Kadınların yüzde 34’ü tatil yapmıyor
Kadınların toplumsal hayata katılma ve toplumsal hayat oranlarında da enteresan bilgiler ortaya çıkıyor. Araştırmaya nazaran, bayanların yüzde 34’ü tatil yapmadıklarını, yüzde 48’i ise tatilini memleketinde geçirdiğini belirtmiş. Bayanların yalnızca yüzde 16’sı tatil beldelerine gidebiliyor. Mesken bayanlarının en az yöneldiği toplumsallaşma pratikleri konser, sinema, tiyatro ve cümbüş yerlerine gitmek. Görüşülen bayanların sırf yüzde 6’sı cümbüş yerlerine giderken, konsere gidenlerin oranı yüzde 5’te, sinemaya gidenlerinki yüzde 12’de kaldı. Üniversite mezunu konut bayanlarının yüzde 55’i arkadaşlarıyla dışarıda/kafede buluştuğunu söz ederken, bu oran lise mezunlarında yüzde 41’e, lise seviyesinin altında eğitime sahip bayanlarda yüzde 18’e düşüyor. Sinema, tiyatro, konser ve cümbüş yerlerine gitmek de üniversite mezunu konut bayanlarının daha fazla benimsediği toplumsallaşma pratikleri olarak öne çıkıyor. Konut bayanlarının sıklıkla yaptığı faaliyetlerin başında yüzde 51 oranla “parka gitmek” geliyor. Lakin bu park, bayanların çoklukla çocuklarla birlikte gittiği oyun parkı. Arkadaşlarla konut gezmesi yüzde 42, akraba ziyaretleri yüzde 41, AVM’ler yüzde 40, piknikler yüzde 38 oranla tercih ediyor. Arkadaşlarıyla dışarıda, kafede oturduğunu söyleyenlerin oranı yüzde 27’de kalıyor.

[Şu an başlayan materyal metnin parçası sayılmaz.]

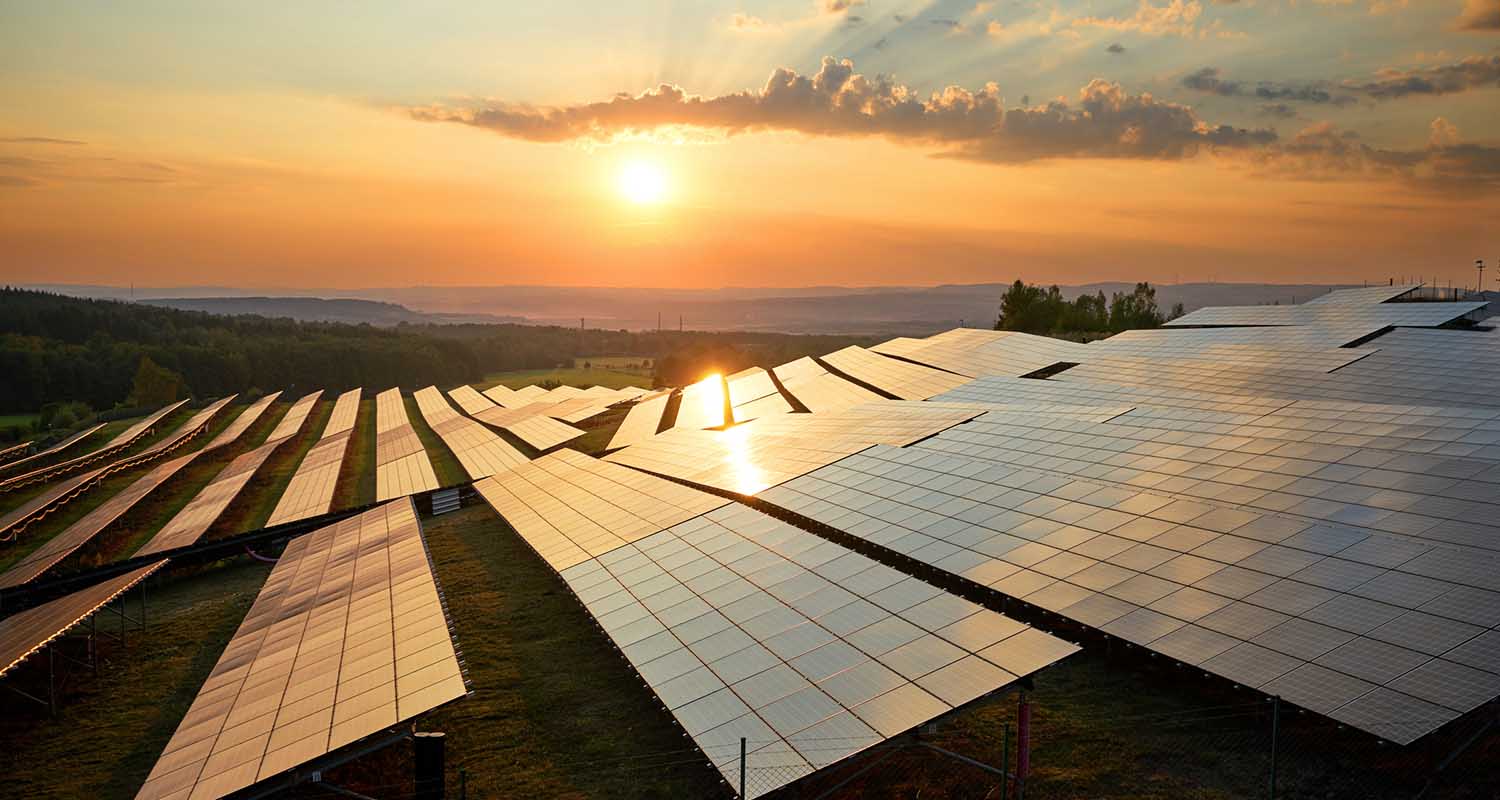 Solar panels in a field at dusk and the sun shining on them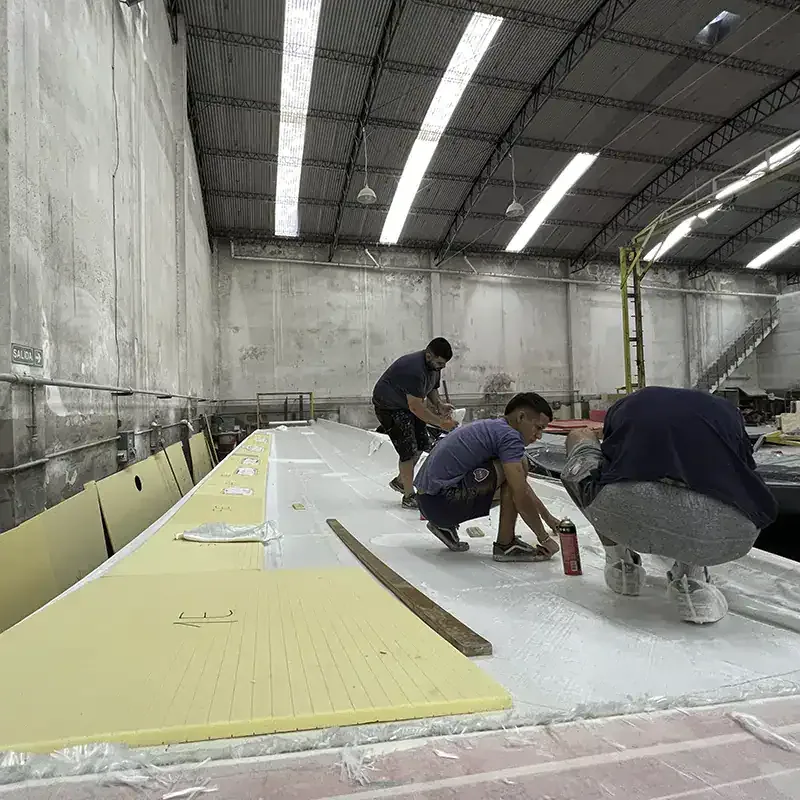 Antares catamaran hull layup preparation in the build facility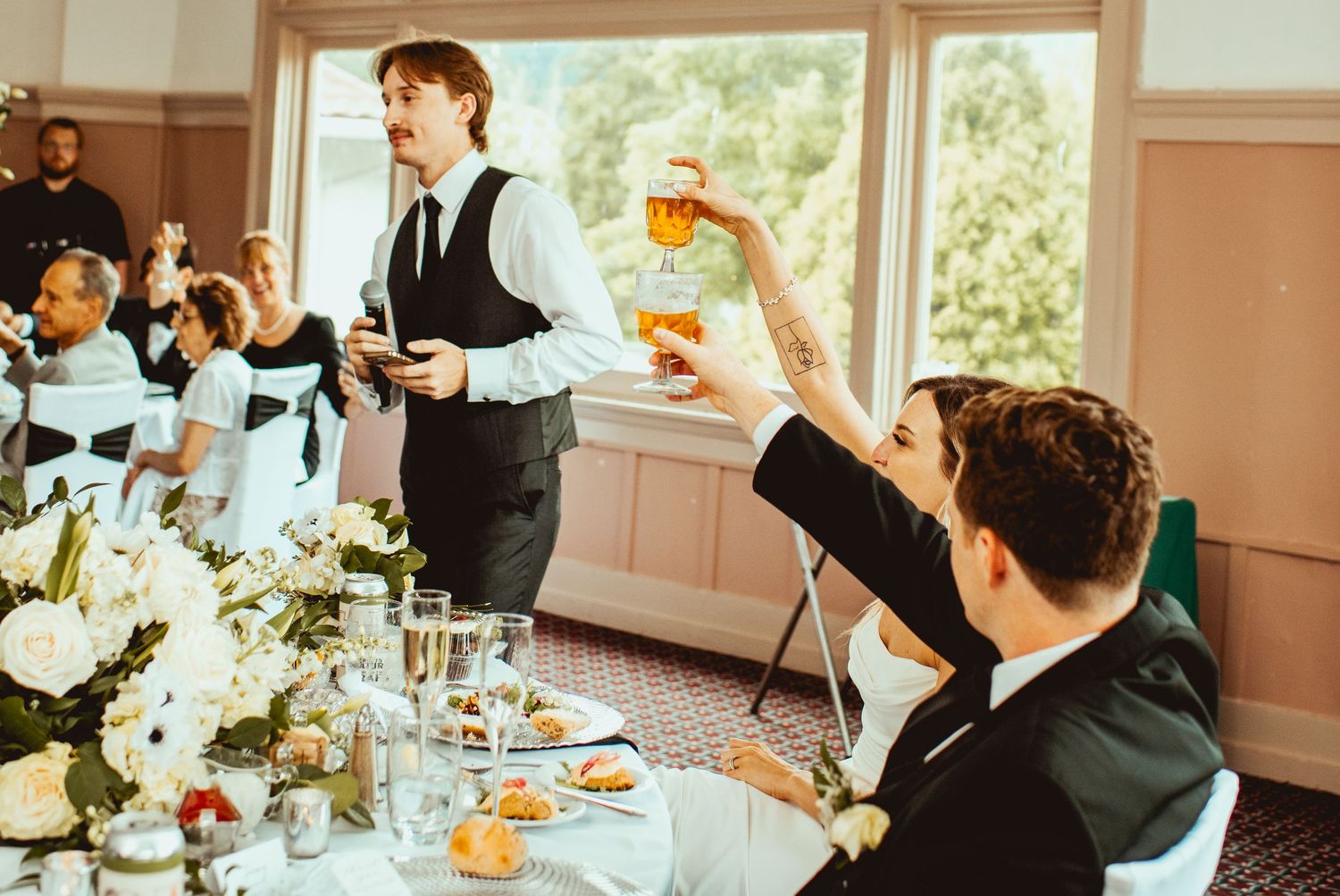 Reception guests raising glasses in celebration at tables decorated with white floral centerpieces.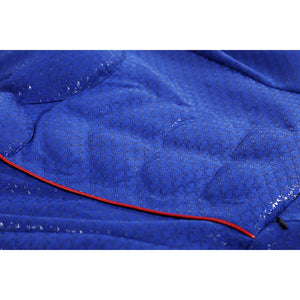 Close-up of Homelander cosplay costume blue fabric from The Boys with embossed texture and red piping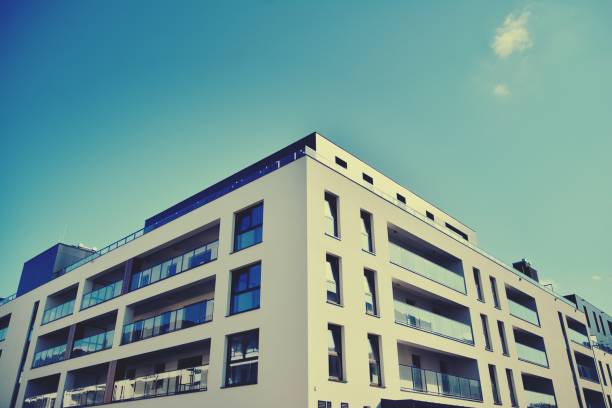 istock Modern apartment building exterior. Retro colors stylization 1158047010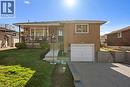 Brick exterior featuring stone accents, a covered front porch, an integrated single-car garage, and a concrete driveway - 90 June Street, Hamilton, ON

Kadınların en çok kullandığı İBB hizmeti
Rapora nazaran, İstanbul’daki konut bayanlarının en fazla yararlandığı İBB hizmetleri, Anne Kart ve Halk Süt. Bayanların yararlandığı öbür toplumsal dayanaklar çeşitli kamu kurumlarının sağladığı besin kartları, dul maaşı, süt ve doğum ödeneği, engelli maaşı, engelli bakım aylığı ile birlikte kaymakamlıkların sağladığı kömür ve erzak paketleri.